部活に熱中した人もいれば勉強で優等生だった人、あるいは毎日のように先生に怒られていた人もいるかもしれない。そんな生徒だった頃を思い出して想像してほしい。あなたに勉強や人間関係について教えてくれた先生にはどんな苦悩があったのだろう?
今回紹介する映画は『ヘィ!ティーチャーズ!』。その名の通り、先生を主人公としたドキュメンタリーだ。舞台はロシアの小さな田舎町。モスクワの大学を卒業したエカテリーナとワシリイは新米教師として公立学校に降りたつ。道徳やフェミニズムについて教えたいと願うロシア語・文学教師のエカテリーナ。多様性やグローバリズムについて伝えたい地理教師のワシリイ。期待を胸に赴任してきた2人の挑戦が始まる。
ここでまず、参考としてロシアの教育について説明しておきたい。ロシアの初等・中等教育は6歳から4年、5年、2年の11年制でほとんどの学校が国立校だ。また、多くの学校は1つの敷地内に1年生から11年生までの生徒が集まり学んでいる(参照元:外務省)。9月1日は「知識の日」と言われ、入学式が行われる。そんな9月の入学式から本作はスタートする。
エカテリーナとワシリイは首都モスクワのエリート大学を卒業。都会に住んでいた2人は溢れかえる情報に簡単にアクセスし、自由に過ごすことができたが、赴任先の田舎町でそれは通用しない。地方の産業都市は情報が限られ、保護者の多くは労働者階級。子どもへの教育に熱心になる余裕はない。
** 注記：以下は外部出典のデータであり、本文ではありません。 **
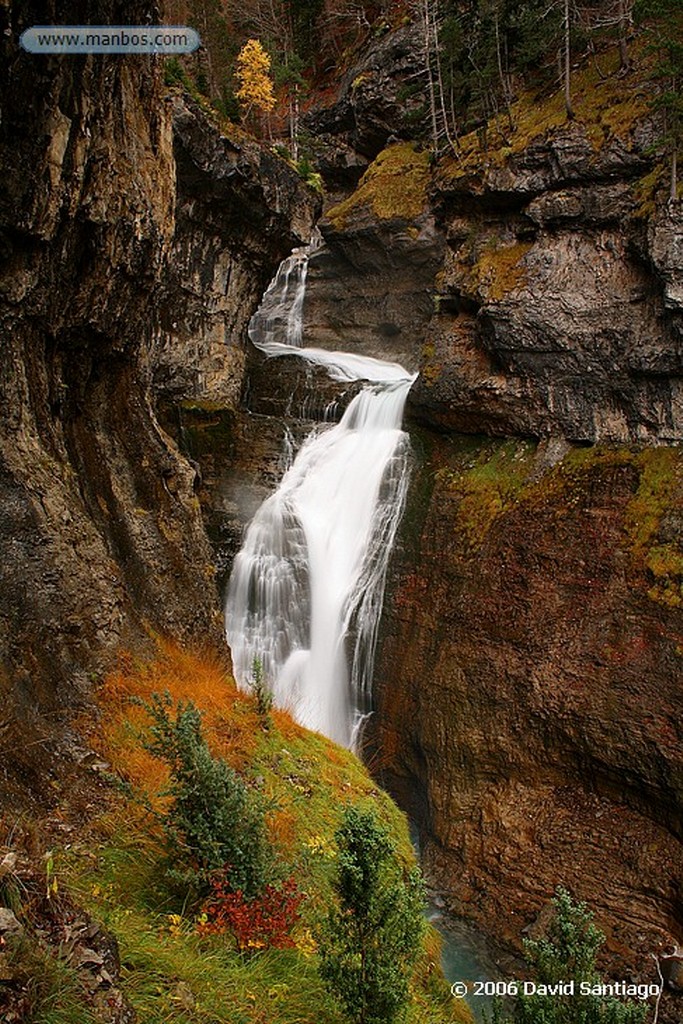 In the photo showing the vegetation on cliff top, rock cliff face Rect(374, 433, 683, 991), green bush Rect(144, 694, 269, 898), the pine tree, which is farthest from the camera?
the pine tree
教室では授業中にスマホでゲームをしたり、輪ゴムを飛ばしあったり…。2人の話を聞かない生徒の姿勢に悩んだ彼らは、彼らなりの工夫をしながら授業を進めていく。
「学校にスマホを持ち込むべきか」という、実際に学校を賑わせている問題に対して生徒に討論させるワシリイ、生徒の作文の人種差別を指摘し、なぜ移民を排除しようと思うのか生徒に問いかけるエカテリーナ。生徒の意見はさまざまで「外国人はルールを守らない」「ロシア人の方がまだマシ」「プーチンは終わってる」といった人種や政治体制、ジェンダーに関する彼らの純粋な意見が教室を飛び交う。全く話を聞かない生徒に疲弊したエカテリーナは苦悩の末、先輩教師に相談をする。しかし、彼女の考え方とは反対に「子どもたちに自主的な考えを持たせるな。自分で何かを解決させる教師は災いの元だ」と言われてしまう。他の教師たちと歳がかけ離れているエカテリーナはここでも考え方の違いという大きな壁にぶち当たるのだ。
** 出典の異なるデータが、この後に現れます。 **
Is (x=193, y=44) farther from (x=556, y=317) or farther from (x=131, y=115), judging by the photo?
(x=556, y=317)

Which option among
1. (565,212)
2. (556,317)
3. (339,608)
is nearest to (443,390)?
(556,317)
大半のロシア人は彼らが赴任したような保守的な学校に通っている。行儀の良さと従順であることが評価され、教育システムはロシア正教会と密接に連携している。作中でエカテリーナの台詞に「『神様はいない』のひと言でクビになる」とあるが、そう言っても過言ではない。反対に教育の外で、生徒たちはスマホを手にし自分でたくさんの情報を集めている。保守的な教育に対し、自らが情報を集められる生活。この二層の構造のなかで生徒自身も混乱の日々を送っている。
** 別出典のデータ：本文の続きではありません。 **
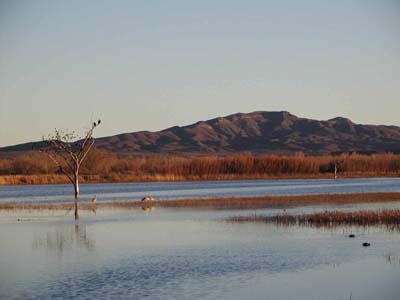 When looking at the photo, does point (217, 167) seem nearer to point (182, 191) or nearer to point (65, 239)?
point (182, 191)

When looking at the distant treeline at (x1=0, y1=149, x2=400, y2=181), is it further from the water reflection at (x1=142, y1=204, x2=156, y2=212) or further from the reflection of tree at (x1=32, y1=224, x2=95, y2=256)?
the reflection of tree at (x1=32, y1=224, x2=95, y2=256)

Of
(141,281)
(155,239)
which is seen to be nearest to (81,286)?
(141,281)

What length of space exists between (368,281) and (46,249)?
10.1 meters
2人のヒーローが対決しなくてはいけない疑問やチャレンジは、ただロシアの学校だけではなく、世界における現在の教育の状況を示していると思っています。ーユリア・ヴェシュネヴェッツ監督
教育現場におけるこのような問題はロシアだけのものではない。実際に本作は校長先生が教室に入ってくると静かになる生徒や休み時間に取っ組み合いをする生徒など、私たちも体験してきたような身近な学校生活に溢れている。日本でも同じように保守的な教育は存在し、インターネット世界に住む子どもたちに不信感と困惑を与えてしまっている。現在ウクライナ侵攻に関するニュースが絶えないロシア。私たちは、それらの報道により曲がった偏見を持ってしまうかもしれない。しかし、ロシアには今日も私たちと同じように多様な意見と葛藤を抱え、日々を過ごしている先生や生徒たちがいることも事実だ。
『ヘィ!ティーチャーズ!』はロシア語では『エカテリーナとワシリイは学校へ行く』というタイトルになっている。本作の内容を知らない方からすると2人の生徒の物語のように思えるだろう。しかし、新米教師にとって初めての学校は彼らから見ても人生の「学校」として写る。監督が「あらゆる社会的変化は学校レベルで始まるべき」と述べたように教育はその後の人生に大きな影響をもたらす。教育システムの大きな壁に挫折をした彼らだが、改革しようとする人が1人でもいれば、いずれ変化は訪れると信じたい。彼らと同じような挑戦を続けている人たちは全世界に大勢いる。彼らの背中から世の中の大きな壁にぶつかる勇気を受け取ってくれると幸いだ。